If there still isn´t enough to convince you, this recipe also includes olive oil, garlic, spices, tomato sauce and almonds.
The most traditional recipes for Espinacas con Garbanzos are very basic and I have never not enjoyed it. However I always go back to the first time I tried it, at an old, traditional tapas establishment in Granada. Even though it was many years ago, I remember asking the waiter for the recipe and him whispering quietly that it could be controversial as some ingredients had been added to the original recipe. This is sometimes frowned upon with the older generation, but to my mind, the main ingredients remain the same and the new ones, tomato sauce and almond paste, add consistency and flavour. Besides, if it´s good enough for tapas in Granada, it´s good enough for me!
Ingredients
Spinach- 400g fresh and washed
Chickpeas- 500g, You can soak dried chickpeas for 12 hours and then simmer for up to 2 hours OR use pre-cooked from a can or jar.

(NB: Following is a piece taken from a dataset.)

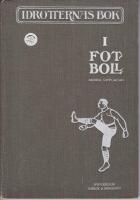 Idrotternas Bok I Fotboll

Olive oil- a few good glugs of top quality, extra virgin
Garlic- 2 cloves chopped
Spices- 1 teaspoon each of; cumin, coriander and sweet paprika
Sherry vinegar- 1 tablespoon
Almonds- large handful of whole, unsalted
Bread- crumbs or cubes of 1 slice of day old bread
Tomato sauce- 2 tablespoons of pre- prepared tomato frito or ketchup
Method
1) Heat the oil in the pan add the spinach until wilted the set aside in a colander to drain excess water and cool
2) Add the almonds and bread to the oil and fry for a few minutes
3) Add the garlic and the spices and fry until golden brown
4) Blend this with the sherry vinegar (and a little water if necessary) to make a paste
5) Tip back into the pan with the chickpeas, tomato and spinach.
6) Stir on a low heat until combined.
7) Pour into terracotta bowls with a drizzle of your good quality olive oil and salt and pepper to taste.
You can either eat this as it is, a comforting homemade stew with some crusty bread, or you could have it as a side dish with some simply grilled fish or meat.